E-commerce online is live in Germany and France. Others will follow.
Point-of-sale at physical terminals will come in 2027.
Interoperability with Spain’s Bizum, Italy’s Bancomat, Portugal’s MB Way, the Nordic MobilePay is coming in the first half of 2026 or is being built to do.
Once all that’s running, Visa and Mastercard can no longer set the price by default.
That’s the point.
Fees
Visa and Mastercard charge merchants between 1% and 3% per transaction. Sometimes considerably more on cross-border.
Wero’s fee structure sits around 0.7%.
For a European retailer processing millions of euros in card payments a year, that’s tens of thousands flowing to the bottom line instead of out of the continent.
Luca Rosignan at Capgemini’s research institute put it well to Cybernews: even partial success at capturing domestic European transactions could effectively cap what global card networks can charge here going forward.
Wero needs to exist at sufficient scale to permanently cap what Visa and Mastercard can charge European merchants.
And that seems to be working.
Backing
The European Parliament voted in February to formally back the digital euro, explicitly framing it as essential for monetary sovereignty. ECB president Christine Lagarde has been pushing for European payment infrastructure for a while now. The ECB’s own committee chair publicly warned that Washington can switch off Europe’s entire payment system at any moment, because nearly all of it routes through American networks.
Thirteen countries signed the Europa Alliance. 16 major European banks back Wero directly with capital and customer bases.
This is part of a broader pattern I wrote about earlier this year. Europe is decoupling across multiple tech layers at once.
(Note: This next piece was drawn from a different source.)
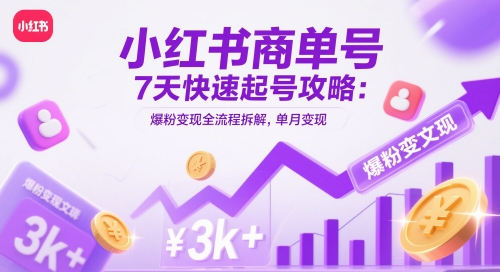 小红书商单号7天快速起号攻略：爆粉变现全流程拆解，单月变现3k+-创薯资源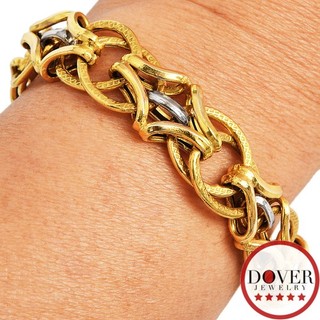 Estate 14K Two Tone Gold 8" Fancy Link Bracelet 22.1 Grams NR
Payments are just the slowest layer to move.
So Wero is a state-backed, ECB-endorsed infrastructure project with legislative support and a geopolitical motivation that didn’t really exist three years ago.
A huge step.
Next steps
The central interoperability hub launches in the first half of 2026. That single technical connection creates a unified network across 130 million users in 13 countries, who can pay each other and pay merchants without a single transaction touching Visa or Mastercard.
E-commerce expands beyond Germany and France into Belgium and the Netherlands. Point-of-sale pilots begin in late 2026. Continental rollout through 2027.
iDEAL, which currently handles the vast majority of Dutch online payments, migrates onto Wero next year. That brings an entire country’s payment habit into the European sovereignty system basically overnight.
With that, Wero might hit 60 million users by the end of 2026. Probably over €15 billion in volume. Roughly double the first year.
Downsides
Adoption is still slow where it should be fastest. 5% of transaction volume in Germany after a full year is not great. Habit is hard. Apple Pay and Google Pay have the ease of use on their side.
The user experience for Wero is fine, but not exciting. There’s no Wero feature that makes you want to switch. It’s a payment system. It works. But it’s not “sexy”.
Cross-border parts are still being wired up. Right now, paying a friend in Italy with Wero from Germany is technically possible but still feels like a beta product. (For me anyway.)
And the political backing is conditional. A shift in the ECB, a new German government, and the urgency could fade.
The Bottom Line
The goal for Wero was never to capture the whole market.
The goal is to make sure that the next time Washington reminds Europe it can flip a switch on the payment rails, Europe can look at the switch and say: go ahead. We’ll have our own.
We’re still a long way from that being fully true. But at least it’s in the making.